As described in an article for Science Advances, researchers See Woo Song et al. use a method to transform 2D drawings made with an ink pen into 3D geometries. Once a figure was drawn, an ink made from polyvinyl butyral (PVB) could be applied to parts of the print they wanted to lift off of the substrate in response to water, a process referred to as surface tension–assisted transformation (STAT). To further control the process, the team developed an ink that could keep portions anchored when submerged in water. By swapping water for a monomer solution including potassium persulfate (KPS), the areas coated with PVB polymerize and are fixed in place even after removed from the solution, referred to as surface catalytically initiated radical polymerization (SCIRP).

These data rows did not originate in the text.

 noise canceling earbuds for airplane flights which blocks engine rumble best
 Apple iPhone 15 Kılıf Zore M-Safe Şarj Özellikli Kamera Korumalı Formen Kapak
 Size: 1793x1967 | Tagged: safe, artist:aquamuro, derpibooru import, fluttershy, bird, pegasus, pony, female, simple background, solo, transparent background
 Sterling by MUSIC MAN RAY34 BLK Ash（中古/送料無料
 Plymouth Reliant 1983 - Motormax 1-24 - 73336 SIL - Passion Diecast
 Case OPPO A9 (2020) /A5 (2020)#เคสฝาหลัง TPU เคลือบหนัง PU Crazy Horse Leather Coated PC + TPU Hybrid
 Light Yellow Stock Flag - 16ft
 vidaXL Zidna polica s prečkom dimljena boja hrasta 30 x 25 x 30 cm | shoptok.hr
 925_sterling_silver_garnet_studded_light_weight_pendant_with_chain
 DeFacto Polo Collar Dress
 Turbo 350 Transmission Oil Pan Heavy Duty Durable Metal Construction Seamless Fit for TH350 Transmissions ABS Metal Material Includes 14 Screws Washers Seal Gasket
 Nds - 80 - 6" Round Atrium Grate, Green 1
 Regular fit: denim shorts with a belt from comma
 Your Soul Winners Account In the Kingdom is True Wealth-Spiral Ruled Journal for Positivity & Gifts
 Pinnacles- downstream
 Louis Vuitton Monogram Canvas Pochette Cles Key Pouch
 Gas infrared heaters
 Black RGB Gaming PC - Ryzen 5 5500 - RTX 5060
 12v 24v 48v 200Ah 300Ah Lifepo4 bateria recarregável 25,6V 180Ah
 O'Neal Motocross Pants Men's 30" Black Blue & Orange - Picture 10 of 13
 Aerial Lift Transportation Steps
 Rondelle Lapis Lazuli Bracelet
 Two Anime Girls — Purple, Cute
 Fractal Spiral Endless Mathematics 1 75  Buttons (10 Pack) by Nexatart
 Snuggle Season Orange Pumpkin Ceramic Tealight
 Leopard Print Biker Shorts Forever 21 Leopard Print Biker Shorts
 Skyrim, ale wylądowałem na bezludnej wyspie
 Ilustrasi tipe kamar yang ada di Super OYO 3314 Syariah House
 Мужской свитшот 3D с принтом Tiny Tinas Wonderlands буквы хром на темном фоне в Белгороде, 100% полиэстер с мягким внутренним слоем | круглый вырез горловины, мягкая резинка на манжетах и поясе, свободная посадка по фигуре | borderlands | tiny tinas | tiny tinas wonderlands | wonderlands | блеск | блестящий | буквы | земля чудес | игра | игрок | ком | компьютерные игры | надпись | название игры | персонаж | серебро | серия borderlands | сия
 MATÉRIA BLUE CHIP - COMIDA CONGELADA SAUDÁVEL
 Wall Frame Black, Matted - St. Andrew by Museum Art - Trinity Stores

“(A) Conceptual illustration of pen-based 4D printing. Pen-based 4D printing enables simple and intuitive 3D fabrication via 2D-to-3D transformation of 2D pen drawings. (B) Pen-based 4D printing process. A pen is used to generate a hydrophobic thin film after the ink dries. This 2D pen drawing transforms into a 3D structure via STAT when immersed in a monomer solution. The transformed 3D shape is fixed via SCIRP during a 3-min incubation period in the monomer solution. (C) STAT and SCIRP mechanisms. The type of ink applied determines whether a specific part of the structure floats or is anchored. A polymer coating layer is generated around the 3D structure of the dried ink film to strengthen its architecture. (D) Sequential view of the 2D-to-3D transformation depending on water level. The 3D structure can be further fixed by SCIRP using a monomer solution including KPS ions (right). Scale bars: 5 mm.” Photo credit: Seo Woo Song, Sumin Lee, and Junwon Kang; Seoul National University.

Altogether, the team demonstrated a method for being able to control the 3D nature of their drawings through the use of an ink for anchoring, an ink for floating, and the KPS solution for hardening the material into place. The authors propose that this approach could be scaled for mass production of 3D parts at faster speeds than traditional 3D printing. Using modified 2D printers, large batches of objects could be produced at once.

“(A) Compositions of the floating and anchoring inks. The presence or absence of surfactant determines the floating properties of the PVB film. (B) Fracture strain of the PVB film depending on the proportions of PVB and plasticizer in the ink (see also figs. S4 and S5). Error bars represent SD. (C) Pen drawing combined with an automatic printing system for precise drawing and mass production. (D) Sequential transformations at different water level heights as compared with simulated transformation results. (E and F) Scalability of pen-based 4D printing. (E) Millimeter scale (see also fig. S13). (F) Meter scale (see also fig. S14). Scale bars: 5 cm (C) and 2 cm (D).” Photo credit: Seo Woo Song and Sumin Lee, Seoul National University; Jun Kyu Choe, Ulsan National Institute of Science and Technology.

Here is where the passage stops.